By Dennis Normile
YOKOHAMA, JAPAN—For more than a decade, stem cell therapies have been touted as offering hope for those suffering from genetic and degenerative diseases. The promise took another step toward reality last week with announcements here at the annual meeting of the International Society for Stem Cell Research (ISSCR) that two groups are moving forward with human clinical research, one focusing on a rare genetic neurological disease and the other for the loss of vision in the elderly.
StemCells Inc. of Newark, California, reported encouraging results of an initial human trial using human neural stem cells to treat Pelizaeus-Merzbacher disease (PMD). PMD is a progressive and fatal disorder in which a genetic mutation inhibits the normal growth of myelin, a protective material that envelopes nerve fibers in the brain. Without myelin, nerve signals are lost, and the patient, usually an infant, suffers degenerating motor coordination and other neurological symptoms. In her presentation, Ann Tsukamoto, StemCells' vice president for research, said the company chose to test its neural stem cell approach on PMD because there is currently no treatment for the condition and a diagnosis can be confirmed by genetic testing and magnetic resonance imaging. "This creates an opportunity for early intervention when it can best help."

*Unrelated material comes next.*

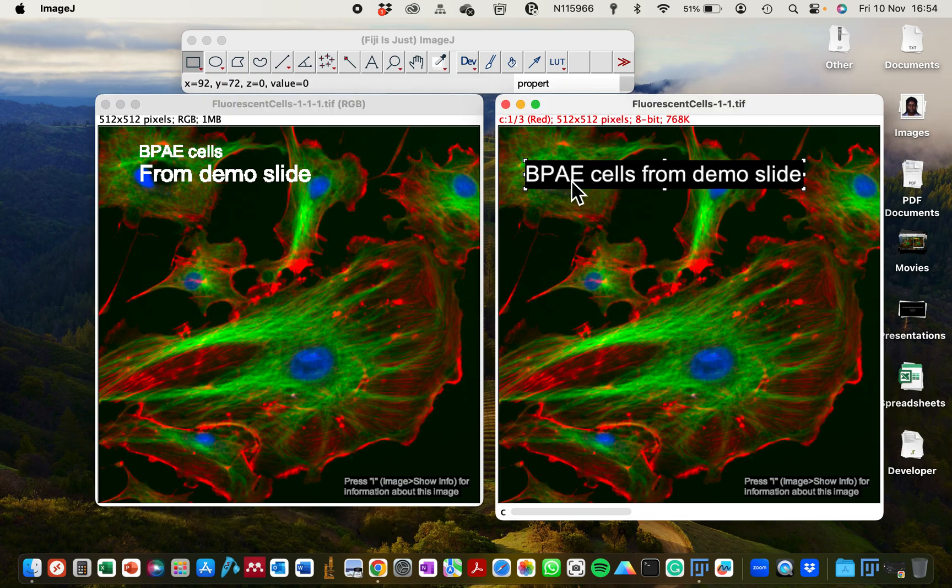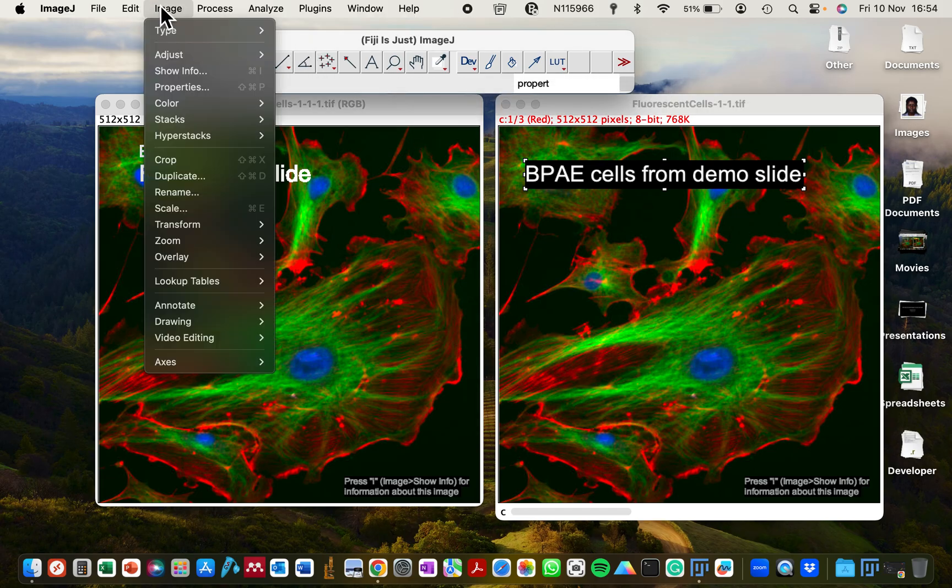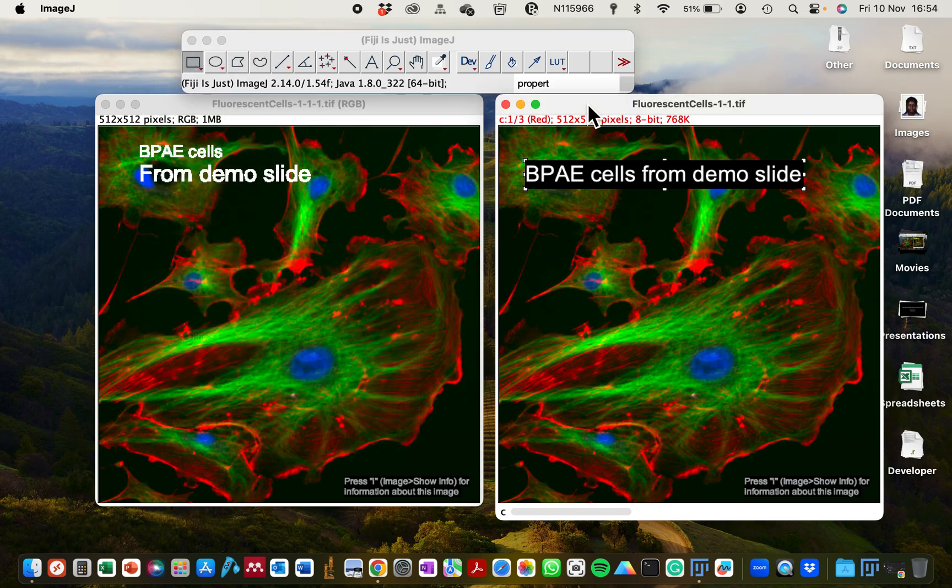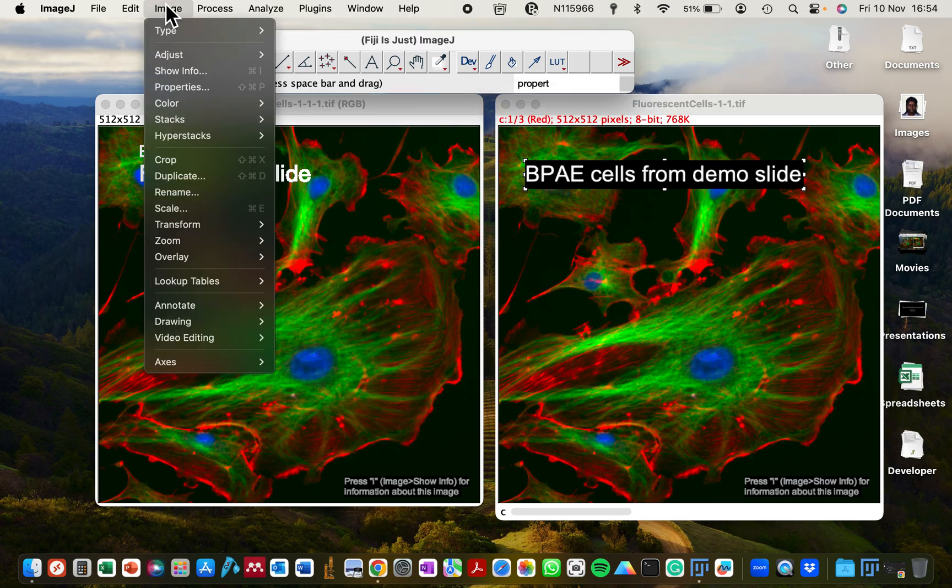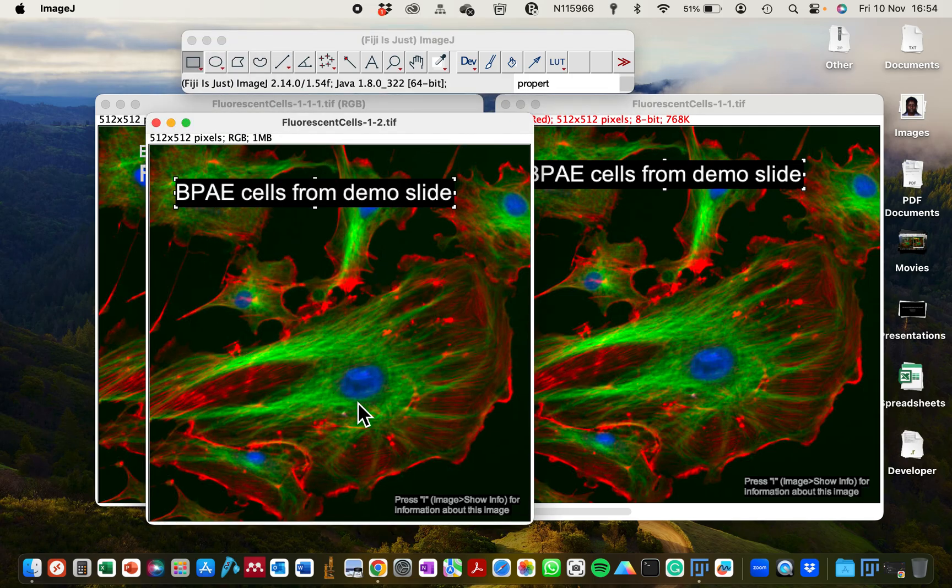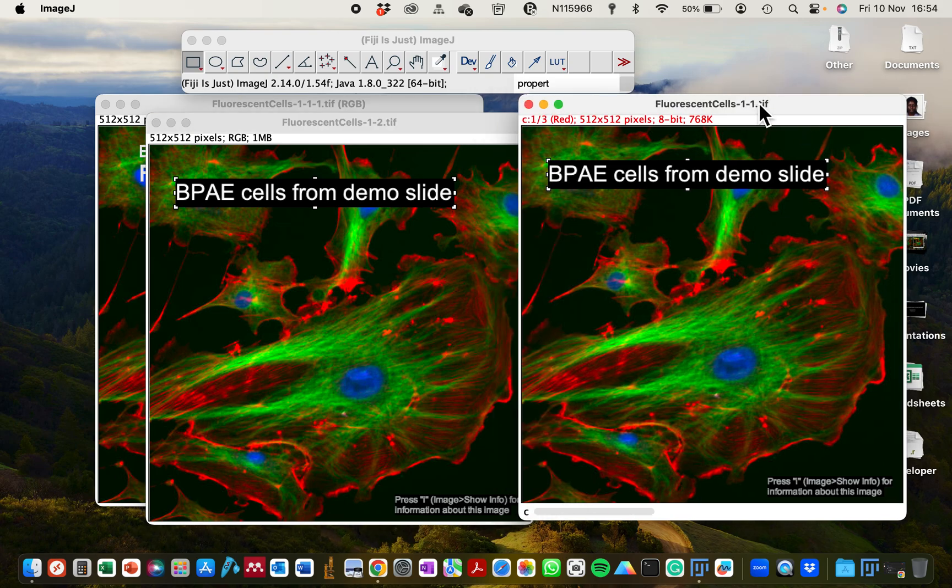So that is why I want to show you how to make sure this text stays on the microscope image. So what I'm going to do next is to go to Image, go to Overlay, and first let me ensure I'm working with this image. Go to Image, click on Overlay, and click on Flatten. This will generate a new image, and this new image now has our annotated text with the background on it.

The company has created banks of highly purified neural stem cells that are isolated from adult neural tissue. Injected into rodents, the cells don't form tumors; rather, they migrate through the animals' brains, where they differentiate into various types of neural cells including the cells that create the myelin that protects nerve fibers. When neural stem stems were injected into in mice, they showed "robust engraftment and migration, the formation of new myelin," Tsukamoto said.
The company has now sponsored an initial safety trial of the strategy in four infants with PMD. In each patient, researchers at University of California, San Francisco, transplanted 75 million neural stem cells into each of four sites in the brain and followed that with immunosuppressive therapy so the recipient wouldn't reject the foreign cells. No safety concerns arose during the trial, Tsukamoto reported. Moreover, magnetic resonance imaging taken 18 months later indicated the formation of new myelin around axons and clinical observations of the treated patients indicated that their motor functions remained stable or enjoyed modest gains. The company is now planning larger trials. Tsukamoto says that if the therapy proves efficacious it could lead to neural stem cell treatments for multiple sclerosis, cerebral palsy, and Alzheimer's disease.
In a second talk at the meeting, stem cell researcher Masayo Takahashi of the RIKEN Center for Developmental Biology in Kobe reported on progress in her group's preclinical work targeting wet-type age-related macular degeneration (AMD). In AMD, the retinal pigment epithelial (RPE) cells that support the cells in the eye that detect light wear out, and there is also the growth of abnormal, leaky blood vessels below the retina. These conditions lead to impaired vision in the central part of the eye. Her group's proposed strategy is to surgically remove the problematic blood vessels and replace the damaged RPE cells with new RPE cells derived from a patient's own cells. Using a process called cellular reprogramming, the researchers take a patient's skin cells, convert them into so-called induced pluripotent stem (iPS) cells, which can differentiate into all the cells within the human body. They then transform those iPS cells into RPE cells and form them into sheets in the lab. Since the iPS approach uses the patient's own cells, they avoid the need for immunosuppressive drugs.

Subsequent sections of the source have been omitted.